Even as the aftershocks are subsiding following the Hanjin Shipping bankruptcy disaster in the seafreight world, marketing intelligence firm Xeneta said the industry is still “reeling” from delays in inventory, rising prices and temporary under-capacity for some ships, which could have effects on this year’s peak season performance for the air cargo industry.
“The Hanjin saga has the potential to redefine the container shipping landscape,” said Xeneta CEO Patrik Berglund. “For an industry that has struggled with collapsing rates, severe overcapacity (8.1 percent at the beginning of 2016) and devastated profit margins – with even Maersk down 90 percent, year-on-year, for Q2 – this marks an opportunity to finally regain the upper hand at the negotiating table.”

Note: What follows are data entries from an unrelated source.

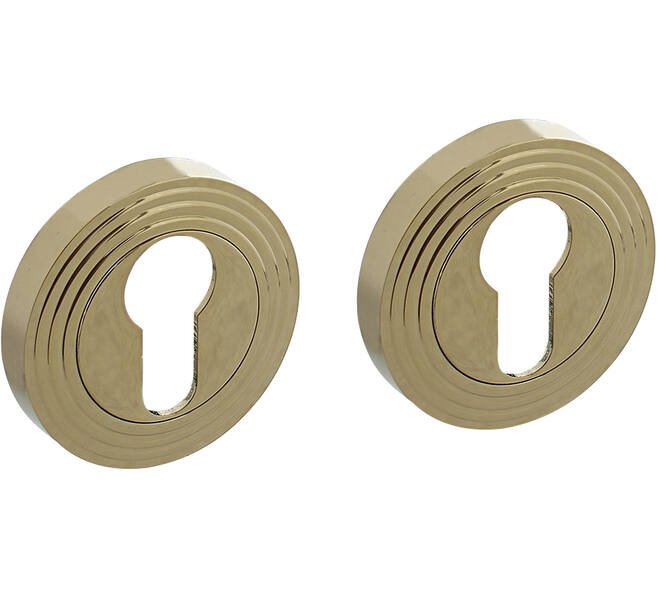 Cilinderrozetten verdekt met rillen ø55x10mm en nokken PVD messingkleur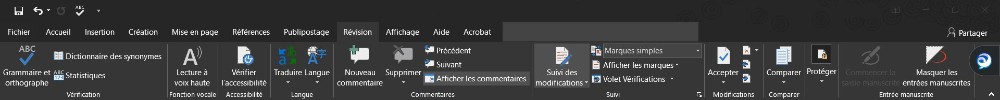 Capture d'écran de l'onglet Révision du logiciel Word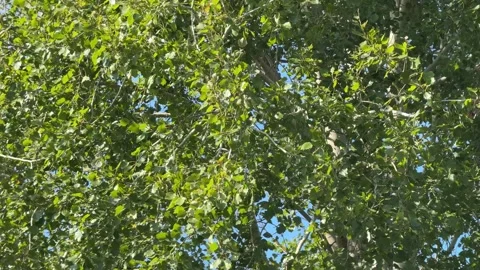 Green tree video with rustling leaves sound. Stock Footage 346721998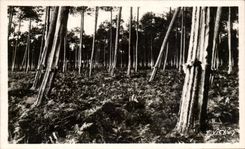 CPA With the Gascon Country gemmeous pines with the setting sun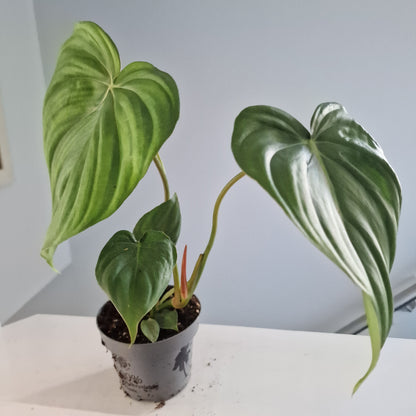Philodendron Mc Dowell Rare Houseplant 12cm pot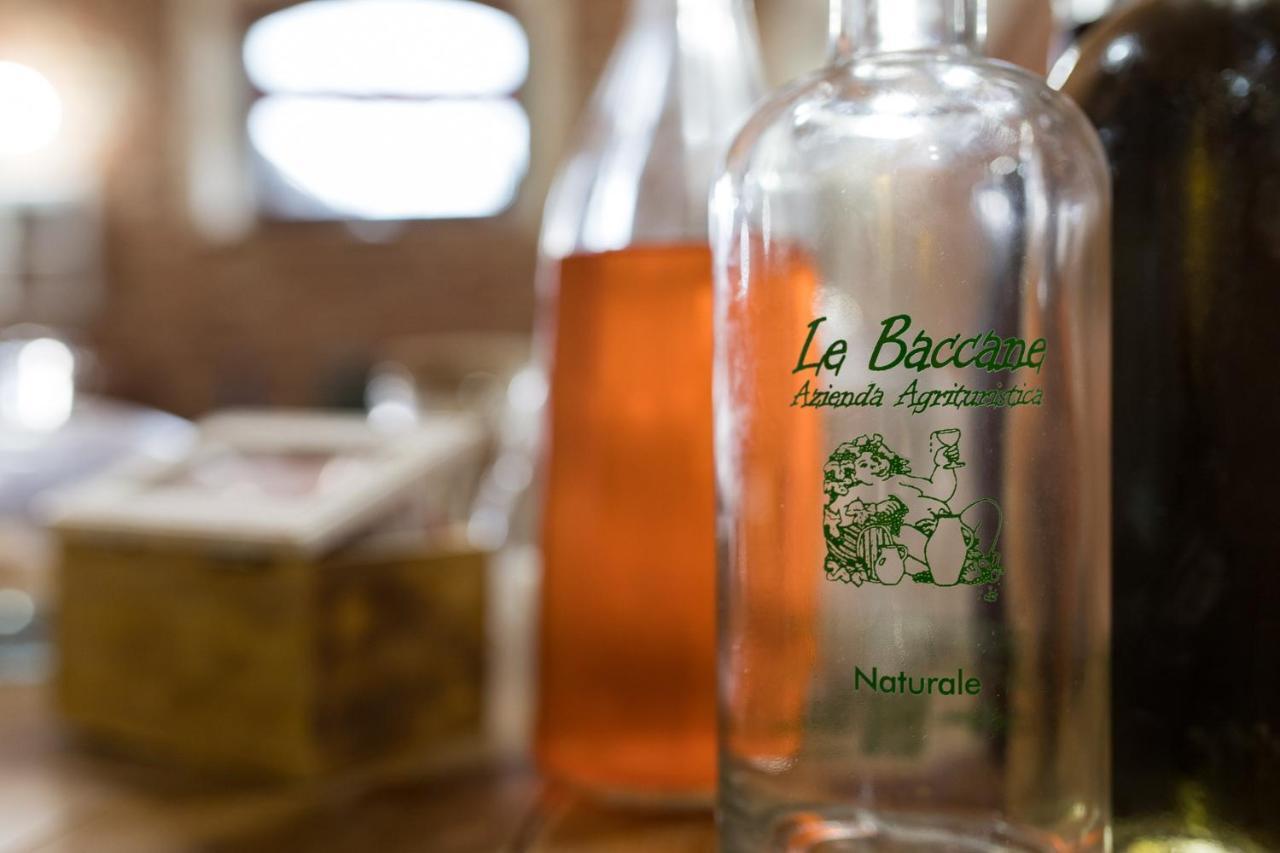Agriturismo Le Baccane Vinci Exteriér fotografie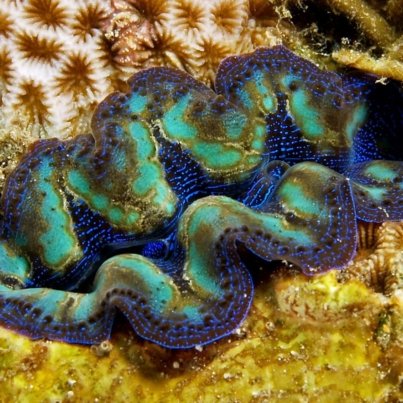 Tridacna_crocea_recorte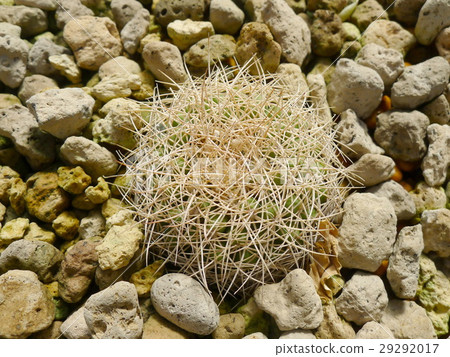 Desert  plants / Plants that grow in arid conditio 29292017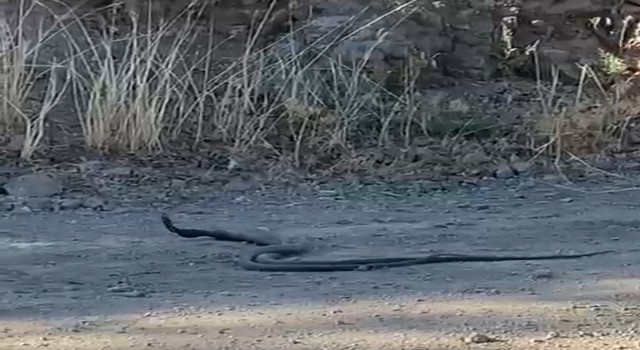Elazığda 1,5 metrelik yılanların dansı kameraya yansıdı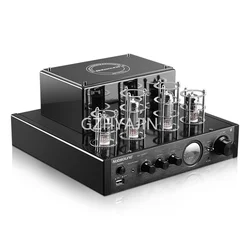 Nobsound-Amplificador de tubo de vacío, MS-10D MKII HiFi 2,0, 25W x 2, soporte Bluetooth, USB, entrada Coaxial óptica de graves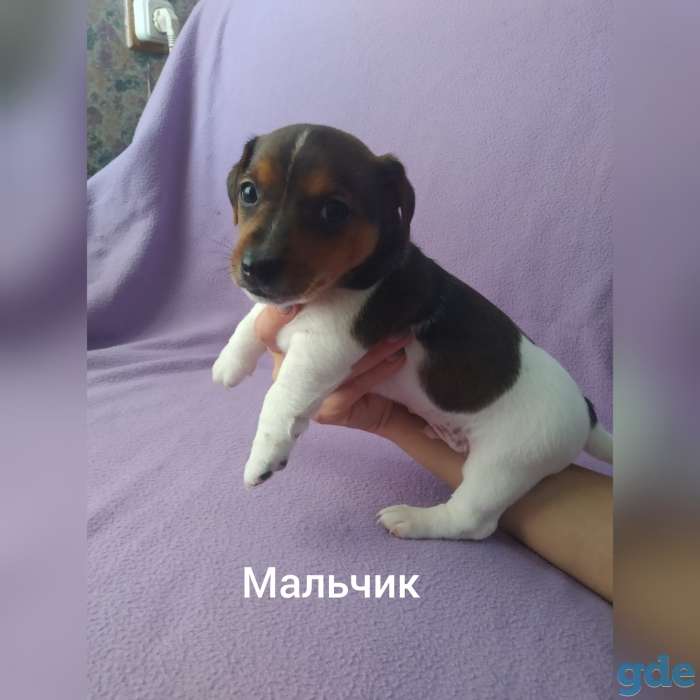 Щенки Джек рассел терьер, фотография 2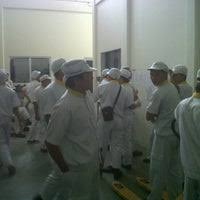 3d network indonesia, pt jl. Pt Indolakto Cicurug Indomilk Cicurug Sukabumi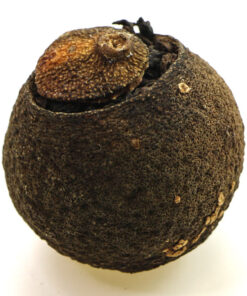 фото - Чай пуер, шу пуер у мандарині Китайський мандарин 10-13г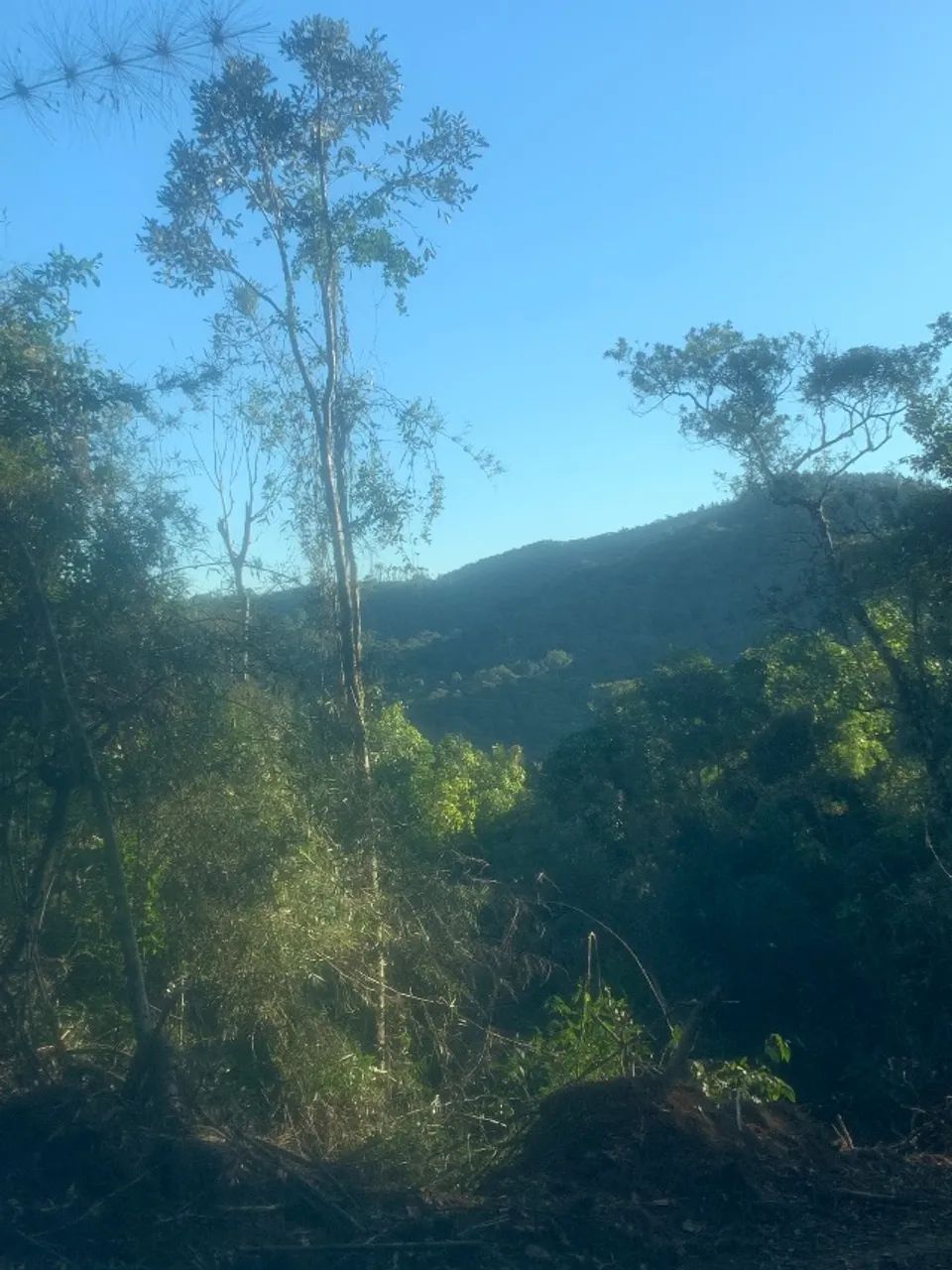 4 alqueires documentados - ideal para  Pinus  - Foto 2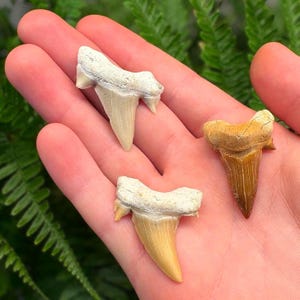 May include: Three fossilized shark teeth in varying shades of tan and brown are displayed in a hand. The teeth have a triangular shape with serrated edges and are likely from a prehistoric shark species. The background is a blurred green.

When the seventh-largest oceanfreight company went belly up earlier this month, an estimated US$14.5 billion of goods were stranded on vessels worldwide, belonging to some 8,300 different companies. Berglund said the movement of this inventory is the “number one priority,” but added that there could be a permanent shift in terms of higher ocean rates, potentially reducing seafreight’s competitive advantage over airfreight.
“Hanjin’s failure resulted in an immediate capacity reduction of up to 8 percent in trans-Pacific and Asian-European routes, and this gives competitors an obvious fillip,” Berglund added. Short-term rates, he said, were already rising on the Far East Asian to North European port route since rates hit bottom in March. “As the year comes to an end, the tendering/bidding season starts for many European shippers,” he added. “This will be a wake-up call for the large-volume shippers who have maybe become accustomed to basking in long-term contracts at low rates.”
Oslo-based Xeneta is a global benchmarking platform for containerized oceanfreight, processing data from more than 17 million contracted rates and 60,000 port-to-port pairings.